Supplied data:
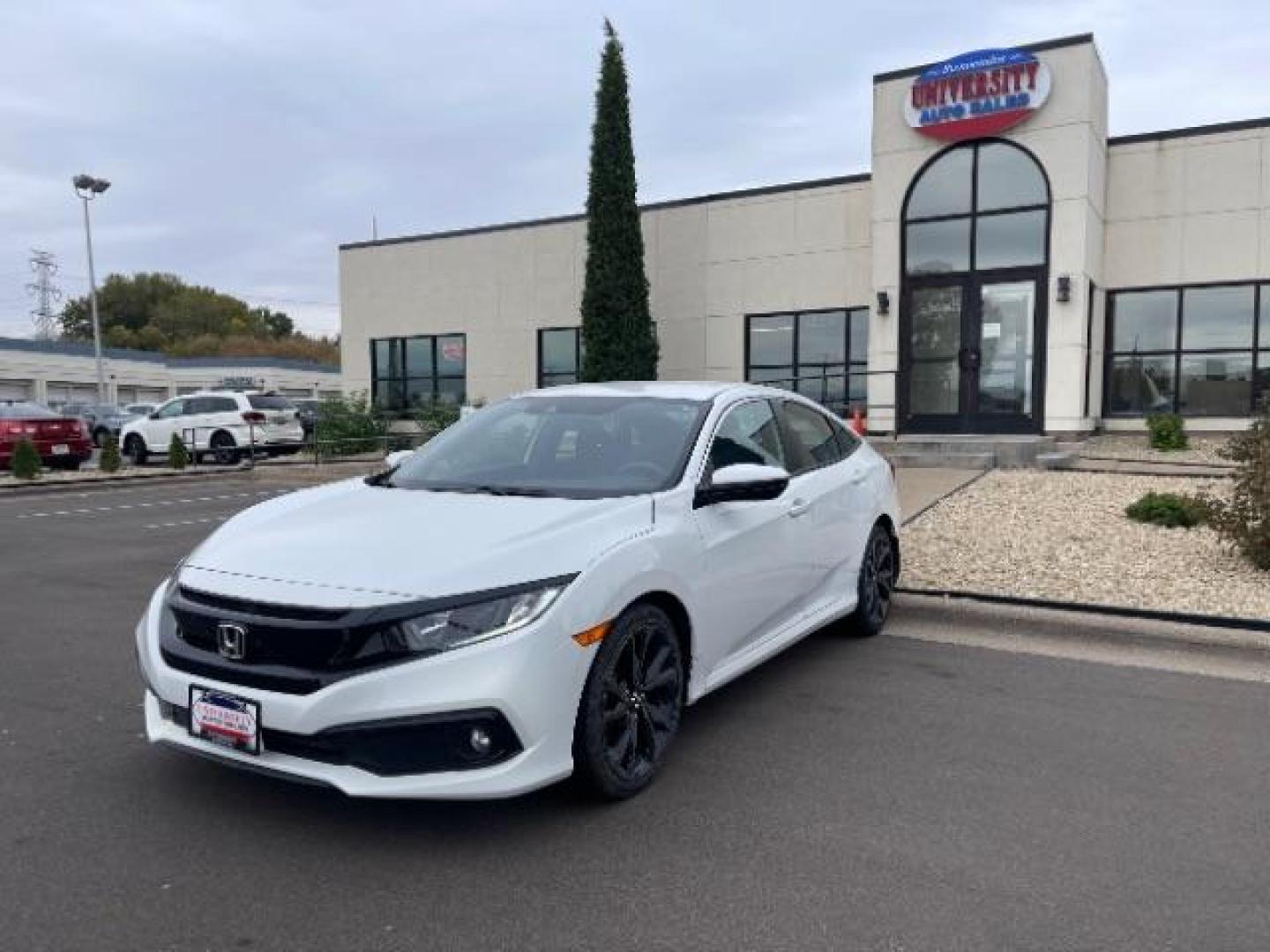 2021 Platinum White Pearl Honda Civic Sport CVT (19XFC2F84ME) with an 2.0L L4 DOHC 16V engine, Continuously Variable Transmission transmission, located at 3301 W Hwy 13, Burnsville, MN, 55337, (952) 460-3200, 44.775333, -93.320808 - Photo#2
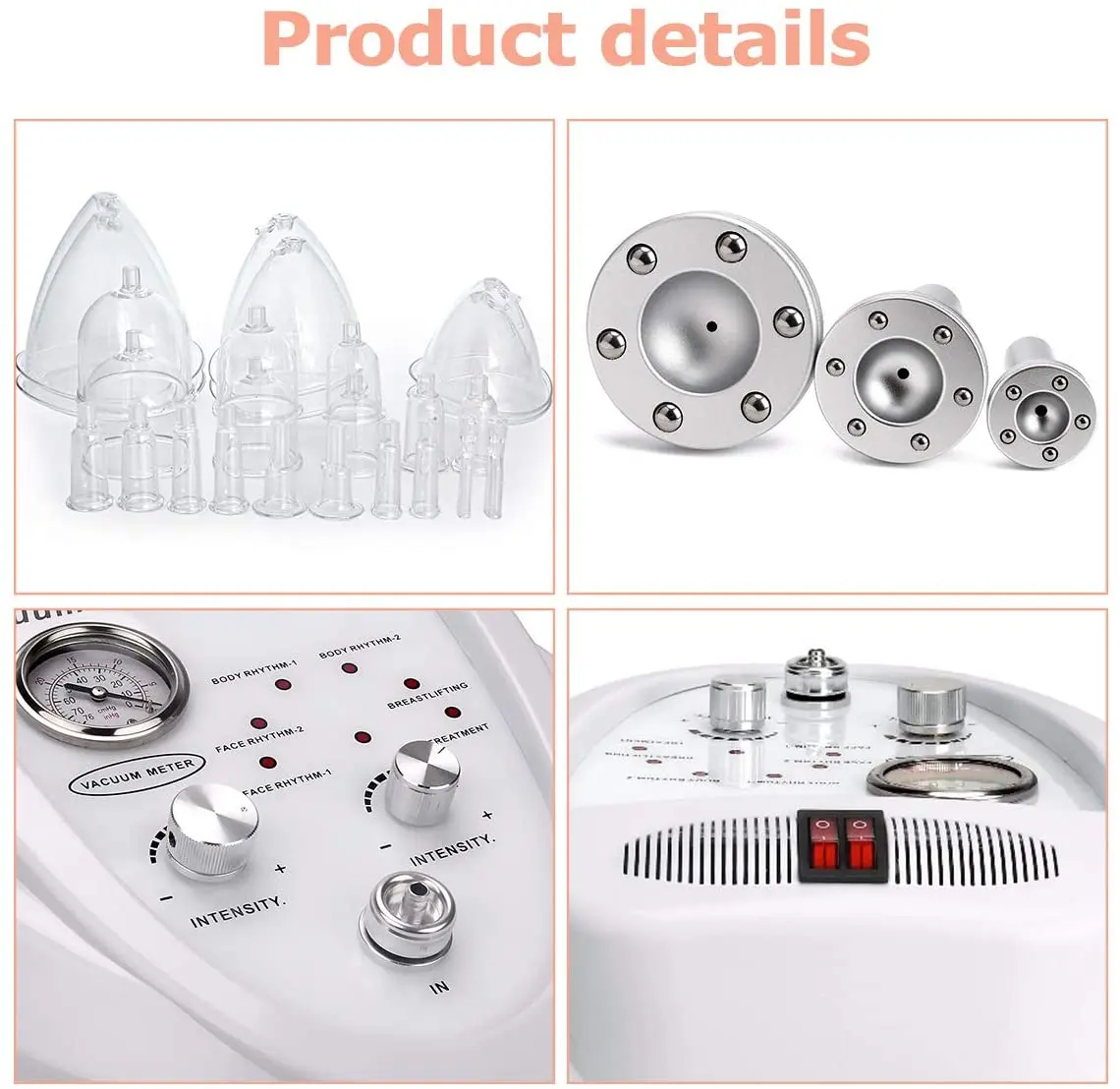 Hottest Butt Lifting Breast Enlargement Vacuum Therapy Machine Buttocks Butt Vacuum Machine Lifting And Breast Lifting Suction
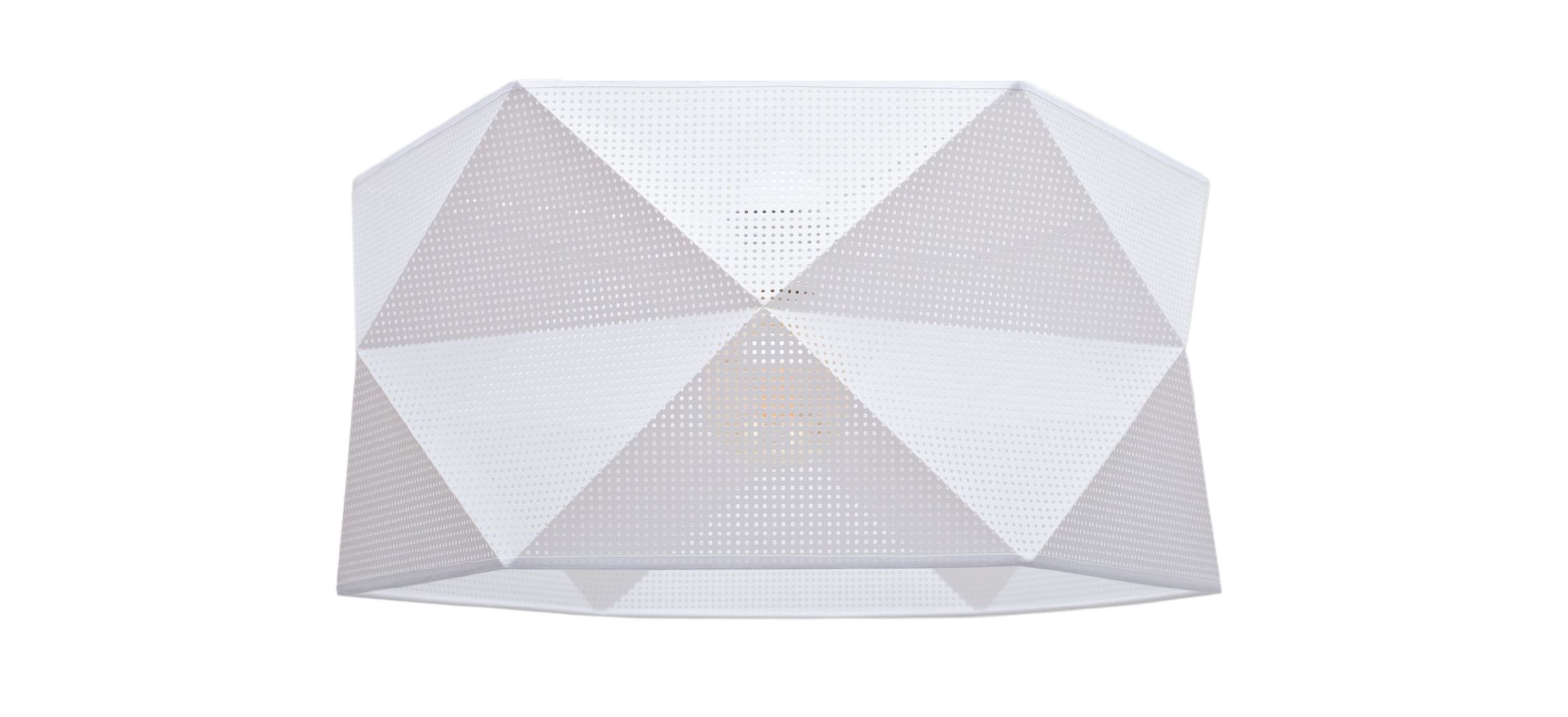 Moderne Pendelleuchte Stoff blendarm E27 L:70 Weiß Gold Lampe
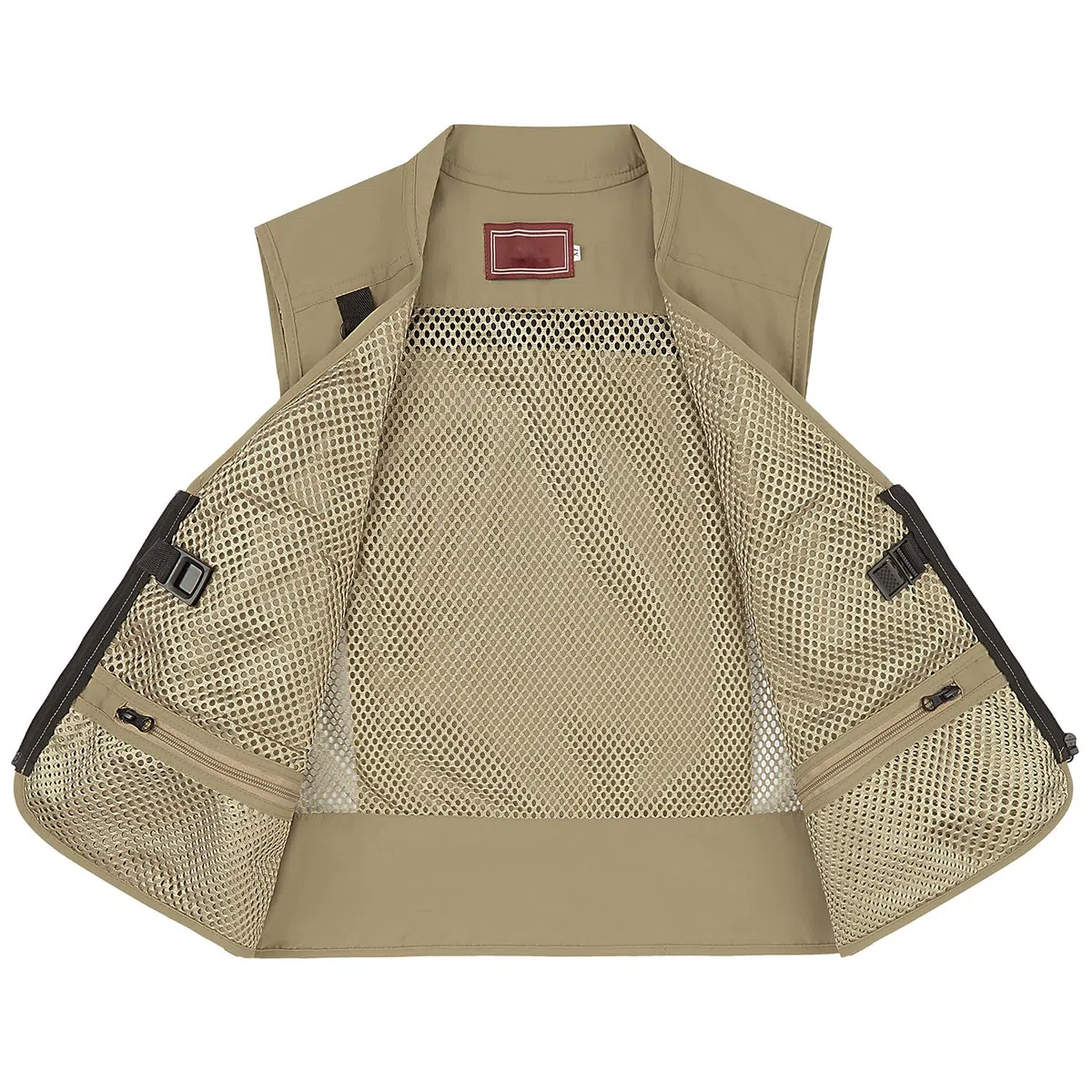 Ziker Gilet da donna in rete traspirante traforato da viaggio per fotografi e pesca con tasche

Exercise brief: Repeat the material above verbatim. Leave the pictures behind.

Answer space:
 2021 Platinum White Pearl Honda Civic Sport CVT (19XFC2F84ME) with an 2.0L L4 DOHC 16V engine, Continuously Variable Transmission transmission, located at 3301 W Hwy 13, Burnsville, MN, 55337, (952) 460-3200, 44.775333, -93.320808 - Photo#2
 Hottest Butt Lifting Breast Enlargement Vacuum Therapy Machine Buttocks Butt Vacuum Machine Lifting And Breast Lifting Suction
 Moderne Pendelleuchte Stoff blendarm E27 L:70 Weiß Gold Lampe
 Ziker Gilet da donna in rete traspirante traforato da viaggio per fotografi e pesca con tasche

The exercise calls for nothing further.